Sarıbekir, Türkiye’nin çevresindeki çatışma ortamlarının sona ermeye başladığını belirterek, “Suriye’deki savaş sona erdi. Ukrayna ile Rusya arasındaki savaş da er ya da geç bitecektir. Bu süreçlerin ardından o bölgelerde yoğun bir inşaat faaliyetinin başlayacağını öngörüyoruz. İnşaat sektörü dediğimizde ilk akla gelenlerden biri ambalajdır; bu süreç gıda raflarından inşaat malzemelerine kadar birçok alana hareketlilik getirecek.” dedi.
2025 ve sonrasına ilişkin iyimser bir tablo çizen Sarıbekir, ekonominin yeniden “boğa piyasası”na geçiş yapacağını ve bu yükselişin en az 10 yıl süreceğini düşündüğünü ifade etti. Bu durumun ambalaj sektörü için ciddi fırsatlar yaratacağını vurguladı. İhracat hedeflerine de değinen Sarıbekir, sektörün 10 milyar dolarlık ihracat rakamına 2030 yılı gelmeden ulaşacağına inandığını söyledi. Sektörün toplam büyüklüğünün ise 30 milyar dolara ulaşmasını beklediklerini belirtti.
Zeki Sarıbekir, ihracat pazarlarındaki yeni eğilimlere dikkat çekerek, son dönemde öne çıkan “nearshoring” kavramının önemine vurgu yaptı. Üretimin ve tedarik zincirinin tüketim pazarlarına yakın bölgelere konumlandırılmasını ifade eden bu stratejinin, Türk ambalaj sektörü için büyük fırsatlar sunduğunu belirtti.
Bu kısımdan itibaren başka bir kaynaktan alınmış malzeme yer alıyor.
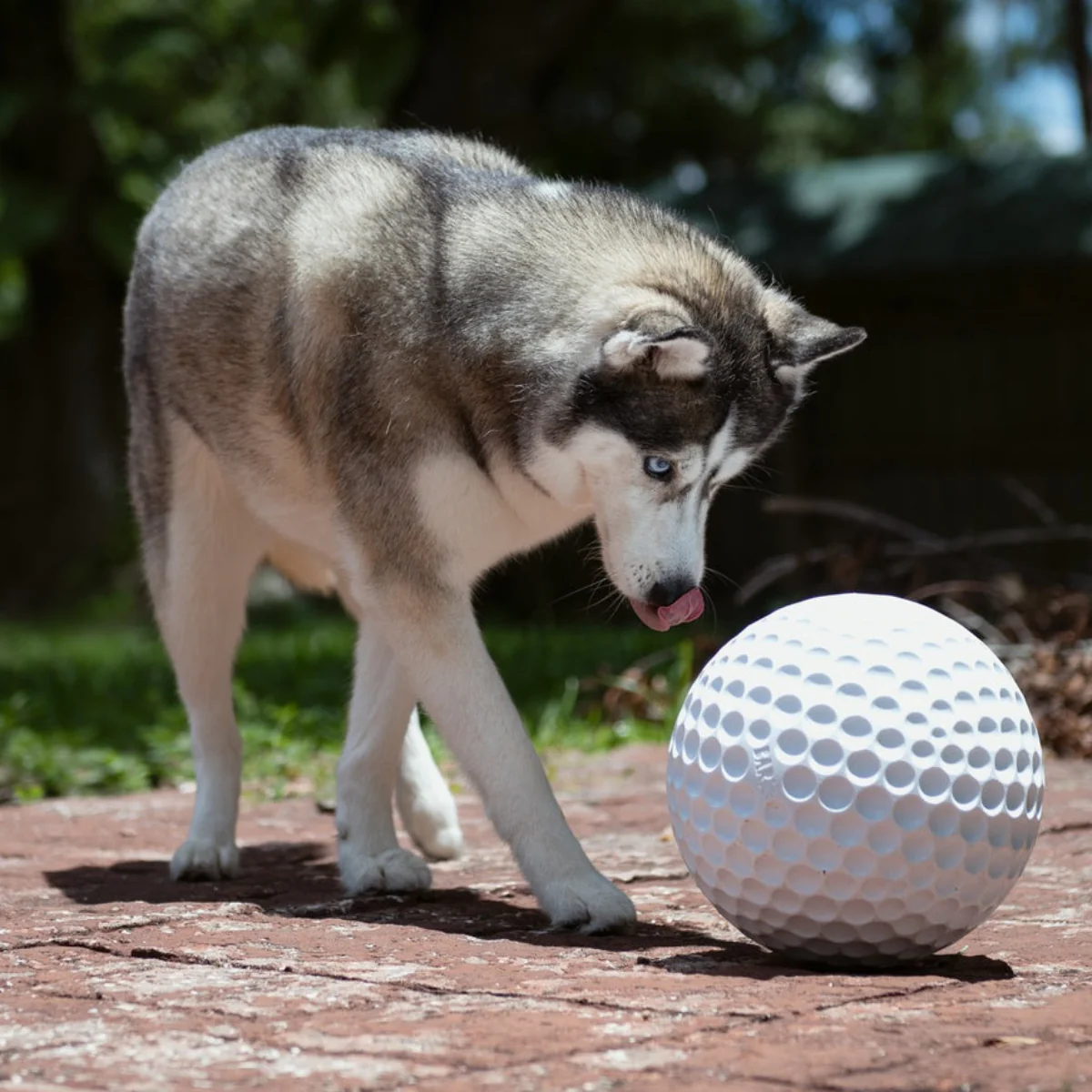 Big Swing Golf Ball Durable Super Chewer Fetch + Extra-Large Dog Toy - Image 2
İhracat için Yeni Düzenlemeler Gelmeli
Sarıbekir, sektördeki ihracatın yüzde 70’inin Avrupa’ya yapıldığını hatırlatarak, “Avrupa, nearshoring kavramını en verimli şekilde uygulayabileceğimiz bir pazar. Çin gibi ülkeler Avrupa’ya ulaşmak için çeşitli yollar ararken, bizim bu avantajı elimizde bulundurmamız önemli bir fırsat. Avrupa, 15 milyar dolar büyüklüğünde gayri safi milli hasılasıyla dünyanın en zengin ve stratejik bölgelerinden biri. Bu nedenle Avrupa’ya ihracatımızı artırmak, birinci önceliğimiz olmalı.” dedi.
Dünyanın yeni bir ekonomik döneme girdiğini belirten Sarıbekir, Çin’deki düşük maliyetli ham madde fırsatına dikkat çekti. Türkiye’nin bu fırsatı değerlendirerek ihracatını artırabileceğini ifade eden Sarıbekir, ham madde ithalatında maliyetleri düşürmenin önemine vurgu yaptı.
Sarıbekir, “Ucuz ham maddeleri engellemek yerine teşvik etmeliyiz. Ham maddeye yeni vergiler koymak yerine bu vergileri sıfırlamalı ve maliyetleri azaltmalıyız. Düşük maliyetle imalat yaparak, elde ettiğimiz bitmiş ürünleri ihraç edersek Türkiye’nin ihracat rakamları hızla yükselir. Bu yaklaşım, ihracat hedeflerimize daha hızlı ulaşmamızı sağlar ve ekonomimizin önünü açar.” dedi. Sektörün ihracat potansiyelini artırmak adına bu tür stratejik adımların kritik önemde olduğunu belirten Sarıbekir, ucuz ham maddenin Türk sanayisi için büyük bir avantaj yaratabileceğini söyledi.